Dalam konteks modern, pendidikan Islam menghadapi tantangan besar untuk menegaskan nilai-nilai keadilan, kesetaraan, dan kemanusiaan di tengah arus patriarki yang masih kuat. Amina Wadud dan Fatima Mernissi merupakan tokoh penting dalam upaya menafsirkan kembali ajaran Islam secara lebih adil, kontekstual, dan komprehensif terutama dalam bidang pendidikan.
Kedua tokoh ini dikenal sebagai tokoh feminis Muslim yang dengan konsisten berusaha untuk mengoreksi bias patriarki dalam tradisi keilmuan Islam serta membuka ruang bagi interpretasi yang menempatkan laki-laki dan perempuan pada posisi yang setara di hadapan Tuhan maupun dalam kehidupan sosial. Sebab pendidikan harus dapat menjadi ruang pembebas, bukan pembatasan.

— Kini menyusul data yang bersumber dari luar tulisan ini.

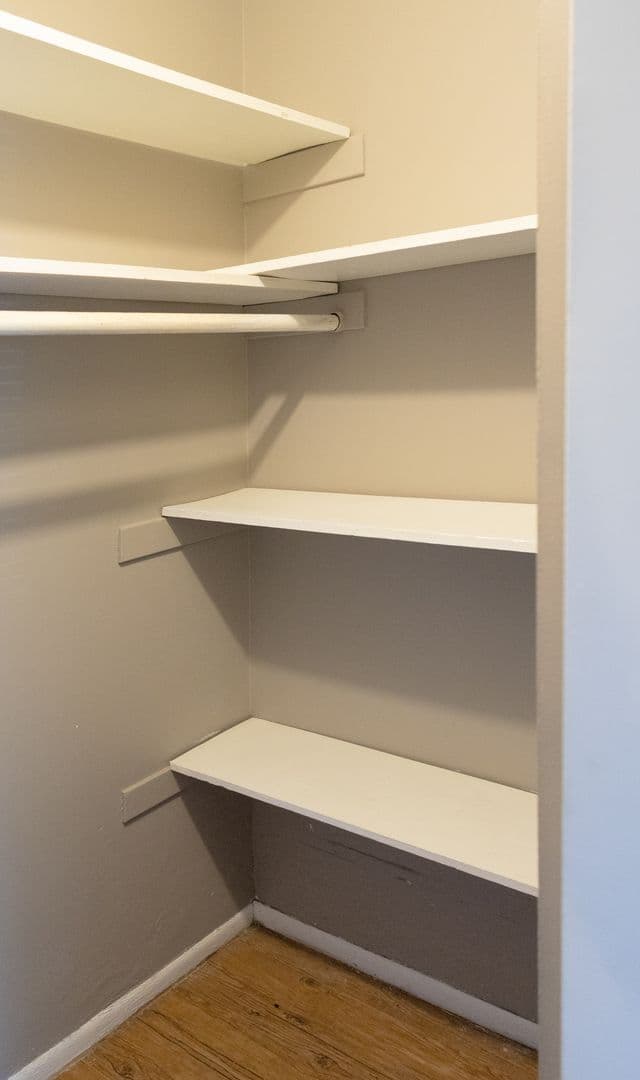 Farmington Apartment: 1337 Centennial Dr
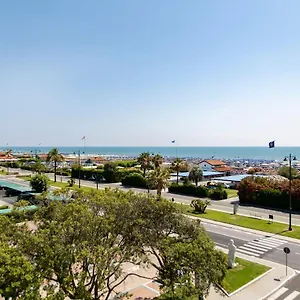 Grand 4* Forte dei Marmi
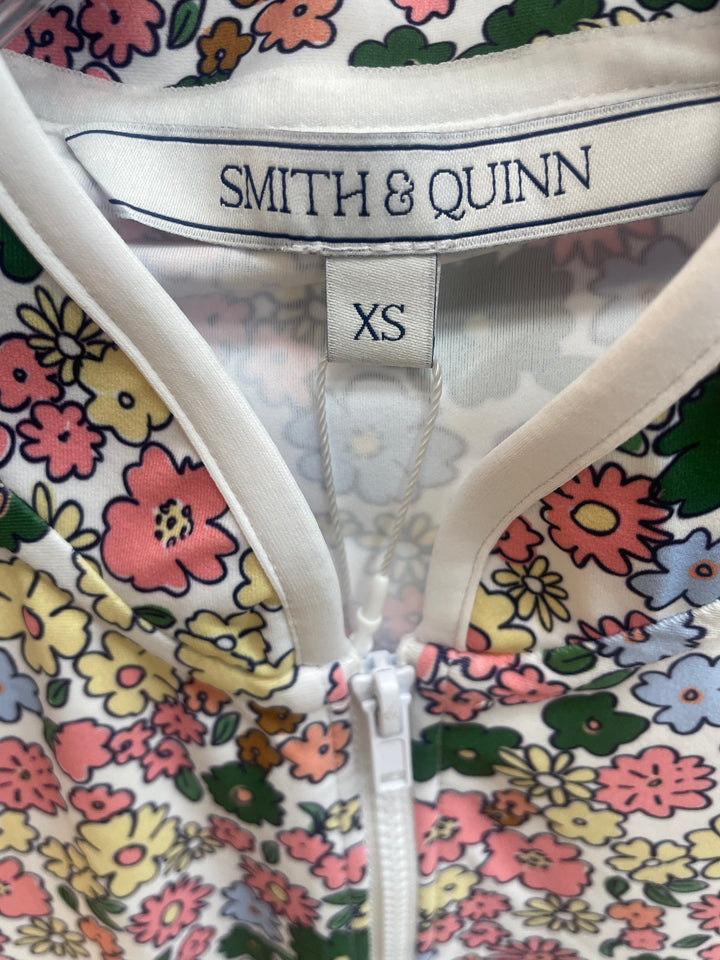 Smith & Quinn Kennedy Quarter Zip Sleeveless Top - Forest Poppies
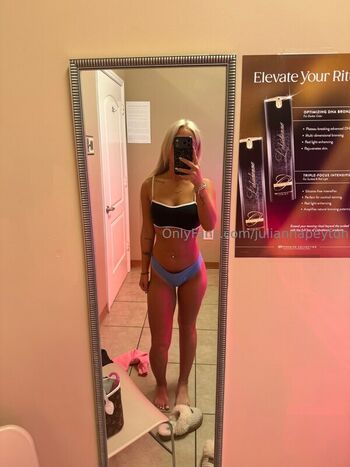 Lexii_Violett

Dalam pandangan Amina Wadud, beliau yakin bahwa al-Qur’an sebagai wahyu Ilahi bersifat universal, adil, dan inklusif terhadap seluruh umat manusia tanpa membedakan jenis kelamin. Dalam karyanya Qur’an and Woman: Rereading the Sacred Text from a Woman’s Perspective, Amina Wadud melakukan pendekatan hermeneutik yang menekankan pentingnya konteks, bahasa, dan tujuan moral al-Qur’an. Menurutnya, penafsiran yang lahir dari struktur masyarakat patriarki sering kali melahirkan ketidakadilan gender karena lebih menonjolkan sudut pandang laki-laki.
Dalam konteks pendidikan Islam, pemikiran Amina Wadud menegaskan perlunya formulasi kurikulum dan metodologi pembelajaran yang berperspektif kesetaraan. Pendidikan seharusnya tidak hanya menanamkan menghafal teks, tetapi juga mengembangkan kesadaran moral dan kritis agar peserta didik mampu memahami nilai-nilai keadilan yang terkandung dalam ajaran Islam.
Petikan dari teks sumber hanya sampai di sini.